Kitap okumak... Nedir diye hayatimin herhangi bir evresinde sorsaydiniz bana, hemen bir tanim yapabilirdim. Hic dusunmeden. Cunku oldum olasi benim icin kitap okumak baska dunyalara gitmek demek. Karakterlerle beraber kacmak, ormanda beraber kosmak, calilarda beraber saklanmaktan ote bir sey bu. Dugun oncesi gelen kara peceli kadinin siluetini gorunce/okuyunca, kaninin cekilmesi demek. Ruzgar uguldarken o meshur tepede, battaniyeyle ortmek demek kendini, ellerinin buz kesmesi demek. Diyorum ya, kitap okumak baska dunyalara gitmek demek benim icin. Gidip gormek degil, okudugum surece, hatta okuduktan sonra bile yasayabilmek, o anilari kendime yazabilmek demek. Iste bu yuzden, artik kitap okumak ozgurluktur demeye baslayacagim galiba. Cunku baska dunyalara gitmek zor degil. Baska dunyalara gidebilecegine inanmak zor. Baska dunyalara inanmak zor. Kurgu bunlar, aglanir mi hic diyenlere inat, inadina aglamak, inadina uykunun kacmasi zor degil. Gittikten sonra geri donmek zor. Kendi gercekligine sigmak zor. Gercekligini kabul etmek. Zor.

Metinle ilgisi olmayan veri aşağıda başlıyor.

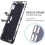 Screen Replacement For iPhone XS Max LCD Display Digitizer Repair Kit 5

Bugun sevdigim, ustelik sadece bir kitabini okuyup da sevdigim, ama bol bol quote'larini takip ettigim bir yazarla bulustuk yeniden. Iki dost cay sohbeti eder gibi, o anlatmaya basladi oykulerini. Ben dinledikce keyif aldim ve tipki cayla gelen minik kurabiyeler gibi tadina doyamadim. Ama oburluk yapmayip, yarina da biraktim. L'ame de paris dedigini duyar gibiyim Marlene'in. Venedik sokaklarinin ruhu, ruhumu Paris gibi sarmadi, saramaz hic bir zaman inanmiyorum buna, dogrudur. Ama cok sevgili dost, bu gece beni San Marco meydaninda uzaktan duydugum gitar sesleriyle sarhos ettin. Senin ruhun nerelerde, keske bir oturup konusabilsek.

Neyse efendim, uzun lafin kisasi #currentlyreading Nocturnes - Kazuo Ishiguro.